A sad, depressing few weeks followed that incident. Avinash didn’t go back to Mumbai. He stayed. He had to stay. But he had to do something about it. He had spent the last two years spreading awareness through his plays. He felt now was the time to walk the path he had been preaching.
And then came politics. The root cause of every goddamn problem in this country. The seed of hatred. The real scum. Politics. Avinash went to Dhruv’s friends, who seemed to be sceptical at first, but talked to him eventually.
Avinash had found his purpose. He was going to fix the only thing truly wrong with India. The only thing truly anti-national in a population of over a billion. Politicians.

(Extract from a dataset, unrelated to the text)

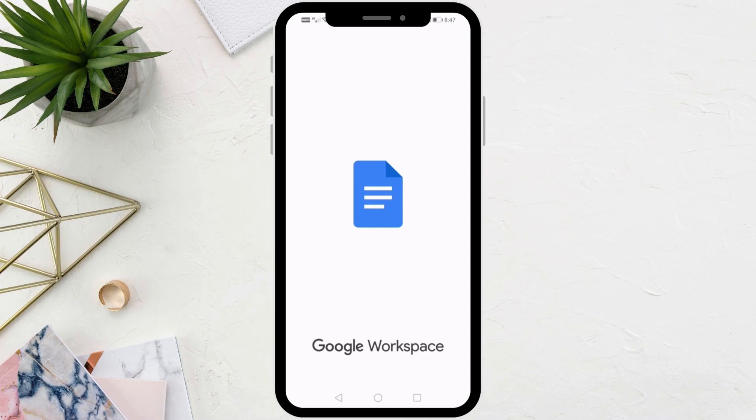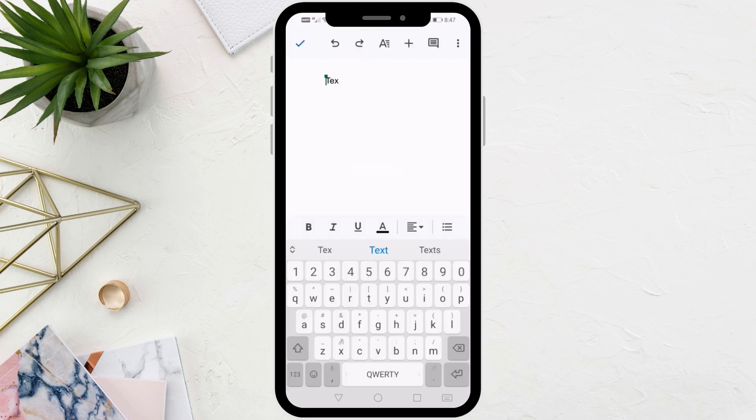In this video I will show you how to make sub-bullet points in Google Docs on your phone. Let's start by opening the Google Docs application. Then here I'll write some texts as an example.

He devoted his life to politics. Well, a lot of it. For the next twenty years, it was extremely difficult to do something good in politics. There were forces pulling him down. But Avinash’s motivation was coming from too far away to be concerned about this. He did what he had to do, grinded through every obstacle that came his way, but he made sure he was walking the path he had preached through his plays all those years ago.
Before his mother passed away in his arms, she smiled. She was not disappointed. She knew that all the times she had stood up for his child was worth it. She had lived an entire life with one of her sons, she was going to spend her afterlife with the other. She was content when she closed her eyes. In the seventy six years that Avinash lived, he never cried as much as he did when his mother passed away.
His father could not live alone for long. But when he went, he wasn’t angry anymore. He was proud. Avinash had shattered the limitations his father had set. He could not ask for more.
Retired, Avinash moved back to Barabanki, in his mohalla. And he spent his last years there, breathing in the prevailing peace, watching new life grow around him.